What you should give back is a precise copy of the lines below from the one containing "Volkswagen Tiguan 4Motion DSG R-Line" through the one containing "Синий Хендай Туксон, объемом", with no pictures.

§ **Data to use**

____________________

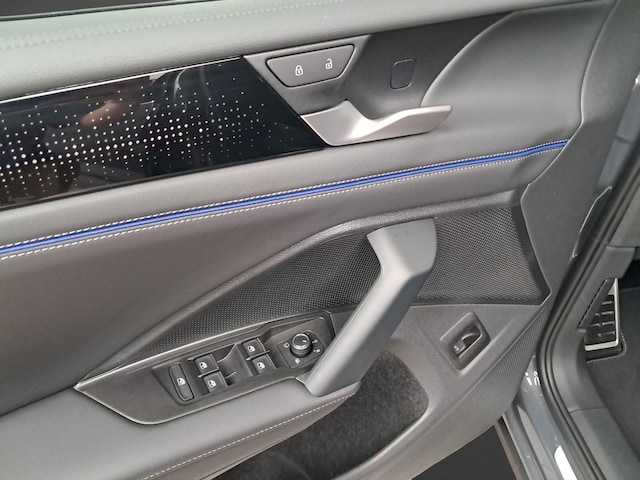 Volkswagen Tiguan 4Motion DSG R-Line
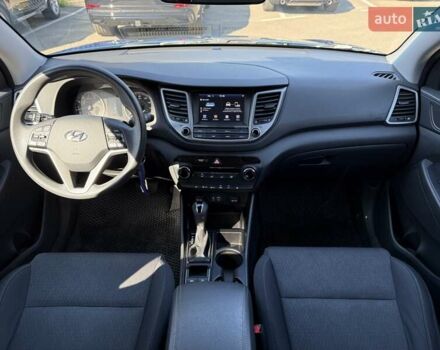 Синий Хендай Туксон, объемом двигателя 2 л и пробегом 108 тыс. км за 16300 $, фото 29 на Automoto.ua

____________________

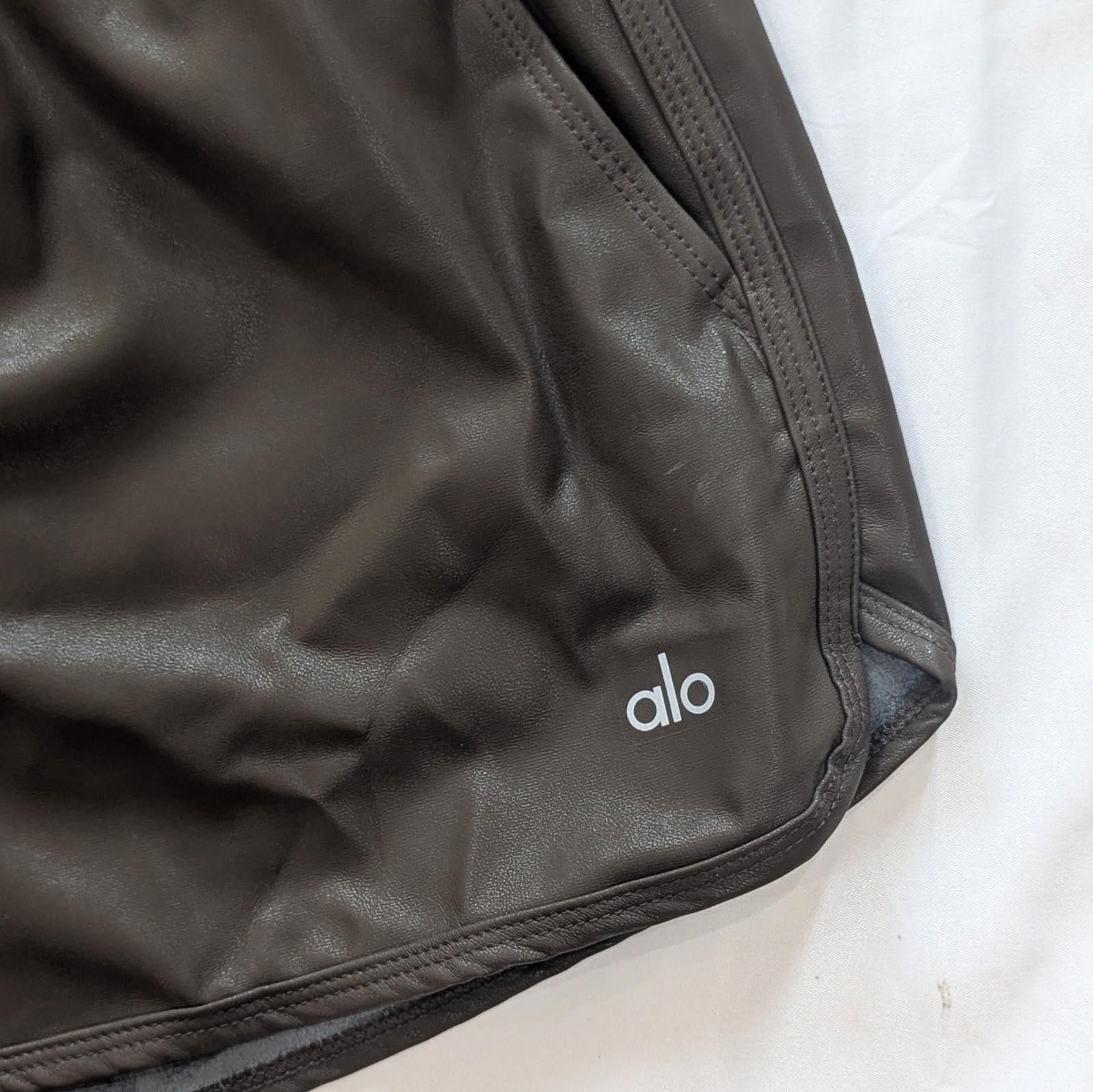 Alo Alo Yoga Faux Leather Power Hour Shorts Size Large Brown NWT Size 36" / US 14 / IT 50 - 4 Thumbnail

____________________

§ **Expected answer**
 Volkswagen Tiguan 4Motion DSG R-Line
 Синий Хендай Туксон, объемом двигателя 2 л и пробегом 108 тыс. км за 16300 $, фото 29 на Automoto.ua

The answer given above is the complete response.